> **WHAT YOU NEED TO DO**
In the entries that follow, find the line containing "COMPRESOR PROFESIONAL MICHELIN" and the line containing "Dreamy red and", then copy exactly everything from the first through the second except the pictures.

> **TASK DATA**

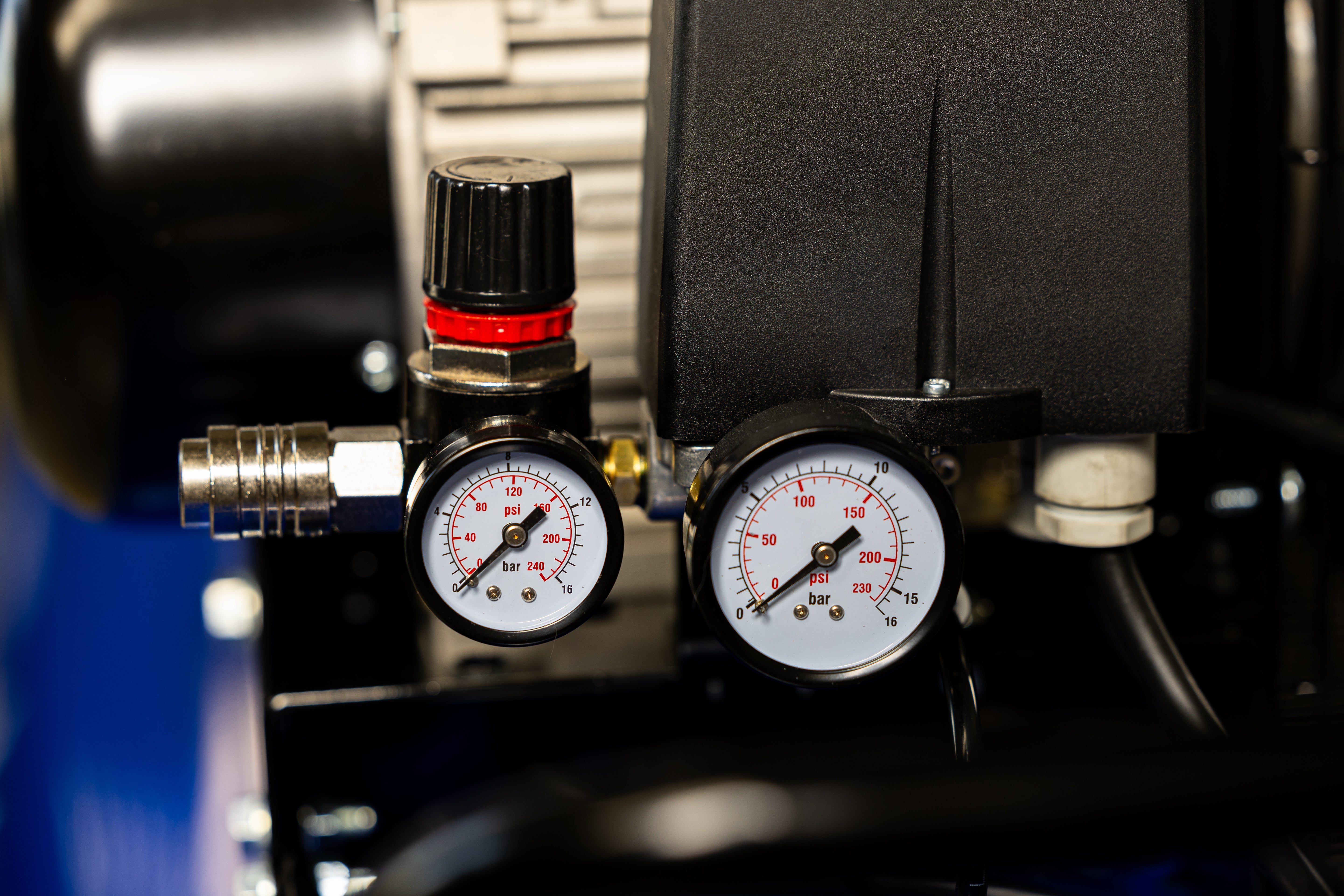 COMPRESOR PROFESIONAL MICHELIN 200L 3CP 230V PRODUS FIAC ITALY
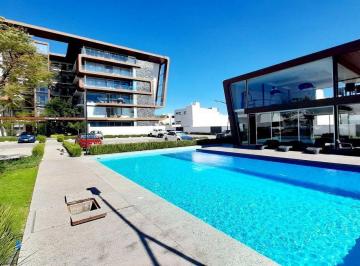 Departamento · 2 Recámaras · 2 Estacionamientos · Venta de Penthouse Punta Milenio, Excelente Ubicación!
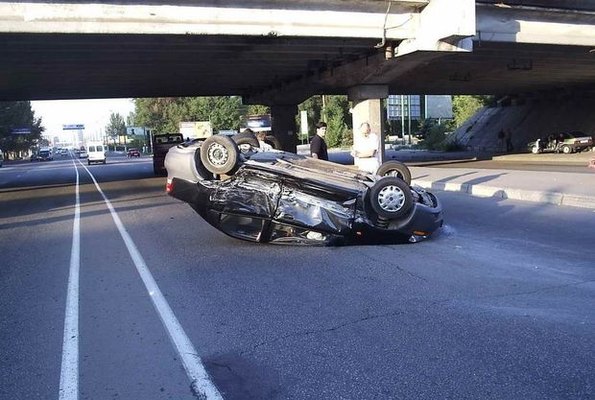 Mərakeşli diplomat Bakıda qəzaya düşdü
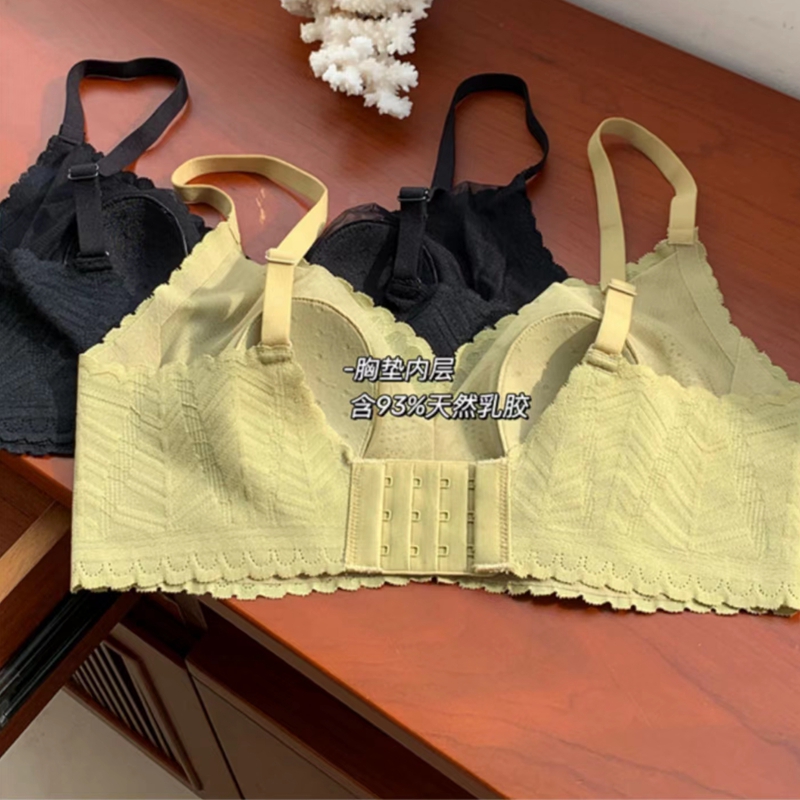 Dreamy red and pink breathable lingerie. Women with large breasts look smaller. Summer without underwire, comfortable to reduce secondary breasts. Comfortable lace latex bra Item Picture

---

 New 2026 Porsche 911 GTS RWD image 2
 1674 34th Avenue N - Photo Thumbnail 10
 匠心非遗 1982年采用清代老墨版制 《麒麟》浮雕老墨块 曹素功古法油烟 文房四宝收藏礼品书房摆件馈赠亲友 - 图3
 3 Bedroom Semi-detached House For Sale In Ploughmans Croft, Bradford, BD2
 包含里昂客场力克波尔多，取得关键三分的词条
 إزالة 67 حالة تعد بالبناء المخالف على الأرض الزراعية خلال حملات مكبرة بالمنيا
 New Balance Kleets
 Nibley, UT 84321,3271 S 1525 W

> **ANSWER**
 COMPRESOR PROFESIONAL MICHELIN 200L 3CP 230V PRODUS FIAC ITALY
 Departamento · 2 Recámaras · 2 Estacionamientos · Venta de Penthouse Punta Milenio, Excelente Ubicación!
 Mərakeşli diplomat Bakıda qəzaya düşdü
 Dreamy red and pink breathable lingerie. Women with large breasts look smaller. Summer without underwire, comfortable to reduce secondary breasts. Comfortable lace latex bra Item Picture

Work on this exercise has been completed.